[Short text fragments from websites]
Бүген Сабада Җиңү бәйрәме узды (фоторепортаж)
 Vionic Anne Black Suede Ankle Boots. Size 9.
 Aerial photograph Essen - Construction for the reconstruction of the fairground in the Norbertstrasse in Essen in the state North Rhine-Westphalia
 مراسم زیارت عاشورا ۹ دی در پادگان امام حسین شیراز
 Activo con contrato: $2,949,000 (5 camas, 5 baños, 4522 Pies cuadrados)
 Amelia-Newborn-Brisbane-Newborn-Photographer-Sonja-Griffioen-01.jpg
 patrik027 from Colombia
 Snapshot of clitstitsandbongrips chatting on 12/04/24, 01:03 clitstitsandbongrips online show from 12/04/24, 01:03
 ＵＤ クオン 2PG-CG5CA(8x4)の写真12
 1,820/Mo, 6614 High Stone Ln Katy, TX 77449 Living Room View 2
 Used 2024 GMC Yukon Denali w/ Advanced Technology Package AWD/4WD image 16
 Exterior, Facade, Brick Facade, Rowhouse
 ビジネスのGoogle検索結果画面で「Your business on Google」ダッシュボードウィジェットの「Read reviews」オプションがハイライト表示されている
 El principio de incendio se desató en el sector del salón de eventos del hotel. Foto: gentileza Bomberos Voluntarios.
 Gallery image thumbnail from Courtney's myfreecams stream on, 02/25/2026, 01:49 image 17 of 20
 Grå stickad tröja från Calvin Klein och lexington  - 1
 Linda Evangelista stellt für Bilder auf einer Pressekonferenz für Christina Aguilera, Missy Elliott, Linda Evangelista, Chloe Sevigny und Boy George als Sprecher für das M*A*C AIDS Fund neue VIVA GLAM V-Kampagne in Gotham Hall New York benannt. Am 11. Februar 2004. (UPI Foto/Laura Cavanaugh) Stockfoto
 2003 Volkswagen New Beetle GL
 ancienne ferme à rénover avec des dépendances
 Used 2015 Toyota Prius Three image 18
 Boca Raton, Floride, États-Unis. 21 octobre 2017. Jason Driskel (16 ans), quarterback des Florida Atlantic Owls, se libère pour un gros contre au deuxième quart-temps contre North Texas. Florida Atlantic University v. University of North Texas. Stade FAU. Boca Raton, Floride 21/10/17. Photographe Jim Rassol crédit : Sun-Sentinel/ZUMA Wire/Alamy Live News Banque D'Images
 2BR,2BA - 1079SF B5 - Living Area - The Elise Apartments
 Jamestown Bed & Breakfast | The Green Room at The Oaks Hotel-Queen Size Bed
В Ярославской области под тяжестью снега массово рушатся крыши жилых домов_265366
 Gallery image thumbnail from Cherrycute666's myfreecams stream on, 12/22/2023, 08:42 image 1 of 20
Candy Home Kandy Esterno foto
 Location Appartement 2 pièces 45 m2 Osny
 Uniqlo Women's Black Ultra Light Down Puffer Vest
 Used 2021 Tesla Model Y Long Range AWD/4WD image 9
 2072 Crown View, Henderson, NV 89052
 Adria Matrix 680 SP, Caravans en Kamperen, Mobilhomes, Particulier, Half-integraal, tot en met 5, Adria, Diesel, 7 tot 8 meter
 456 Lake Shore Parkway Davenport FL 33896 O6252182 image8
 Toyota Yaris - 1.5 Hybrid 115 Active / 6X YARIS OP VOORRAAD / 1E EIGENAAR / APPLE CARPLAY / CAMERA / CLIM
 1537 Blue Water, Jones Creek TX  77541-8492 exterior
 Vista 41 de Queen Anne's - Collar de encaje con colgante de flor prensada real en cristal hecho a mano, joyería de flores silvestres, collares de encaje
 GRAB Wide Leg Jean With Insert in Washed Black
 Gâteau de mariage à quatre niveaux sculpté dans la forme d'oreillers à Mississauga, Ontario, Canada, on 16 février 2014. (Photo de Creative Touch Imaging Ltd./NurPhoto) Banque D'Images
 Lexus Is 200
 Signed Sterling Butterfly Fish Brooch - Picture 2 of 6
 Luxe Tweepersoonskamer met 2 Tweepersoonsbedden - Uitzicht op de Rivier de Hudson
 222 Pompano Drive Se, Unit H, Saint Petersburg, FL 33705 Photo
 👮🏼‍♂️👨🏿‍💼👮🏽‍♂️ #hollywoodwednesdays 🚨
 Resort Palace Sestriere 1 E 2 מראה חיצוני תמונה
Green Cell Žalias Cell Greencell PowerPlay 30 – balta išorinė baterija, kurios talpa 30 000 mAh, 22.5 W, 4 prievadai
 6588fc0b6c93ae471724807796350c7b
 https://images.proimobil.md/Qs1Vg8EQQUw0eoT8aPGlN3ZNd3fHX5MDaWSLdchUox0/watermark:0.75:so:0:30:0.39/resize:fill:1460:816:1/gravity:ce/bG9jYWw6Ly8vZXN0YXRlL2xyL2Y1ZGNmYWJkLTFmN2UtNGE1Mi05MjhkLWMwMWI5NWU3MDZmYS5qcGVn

» **WHAT THE EXERCISE ASKS**
Extract all lines of the records above that include "stream".

» **TASK RESPONSE**
 Gallery image thumbnail from Courtney's myfreecams stream on, 02/25/2026, 01:49 image 17 of 20
 Gallery image thumbnail from Cherrycute666's myfreecams stream on, 12/22/2023, 08:42 image 1 of 20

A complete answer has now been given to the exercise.